Why Google News may miss some articles

When Google News scans all the sites included in its system, it follows links that it interprets to be news articles. Our crawler uses a number of factors to determine what is and isn't a news article, many having to do with the amount of body text that appears in a given page's HTML. If our system can't extract article text, it won't include your content in Google News.

Below, are a list of some of the most common issues that can prevent our crawler from extracting your articles' text:

  1. If the article content appears to be too long to be a news article, our crawler may not recognize it as an article. This may happen with news articles that contain user-contributed comments below the article, or HTML layouts that contain other material besides the news article itself.
  2. If the article content doesn't have punctuated sequences of contiguous words, we won't be able to include it in Google News.
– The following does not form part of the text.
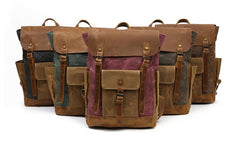 Cool Waxed Canvas Mens Womens Waterproof Large Travel Backpack 15'' Computer Hiking Backpack for Men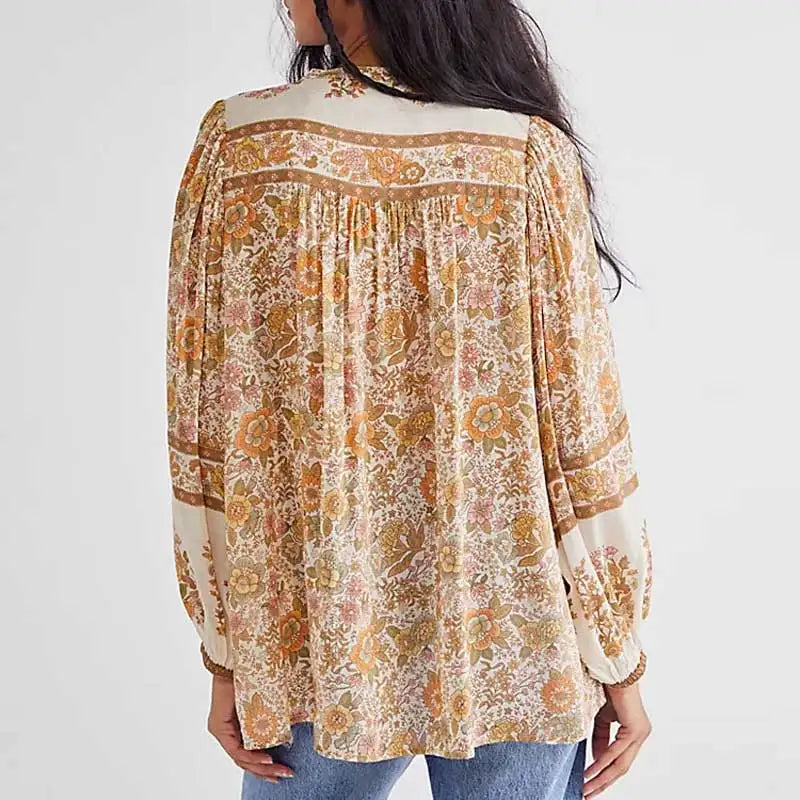 INAYA | Bohemian V-hals blouse met bloemenprint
Make sure that the text of your articles is made up of sentences, and that you don't use frequent tags within your paragraphs.
  3. If the article content appears to consist only of isolated sentences not grouped into paragraphs, we won't be able to crawl it. Try formatting your articles into text paragraphs of a few sentences each.
  4. If the article content constitutes a small fraction of the text on the page, we won't be able to include it in our News index. Consider removing some of the non-article text on the page.
  5. If the article content appears to contain too few words to be a news article, we won't be able to include it. This applies to most links that would lead to news briefs or multimedia content, rather than full news articles.
  6. If the article content appears to be empty, we won't be able to crawl it. Make sure that the full text of each of your articles is available in the source code of your article pages (and not embedded in a JavaScript file, for example).
  7. If the article content is prevented from being crawled by a robots.txt file or a robots meta tag, Googlebot won't be able to access your article. Try removing the "noindex" and/or "nofollow" meta tags, or checking that your robots.txt file allows "User-agent: Googlebot" access to the file where your news articles are stored.

In addition to making simple formatting changes to your content, we also recommend that you follow our steps for troubleshooting missed articles and make sure you've submitted a Google News Sitemap.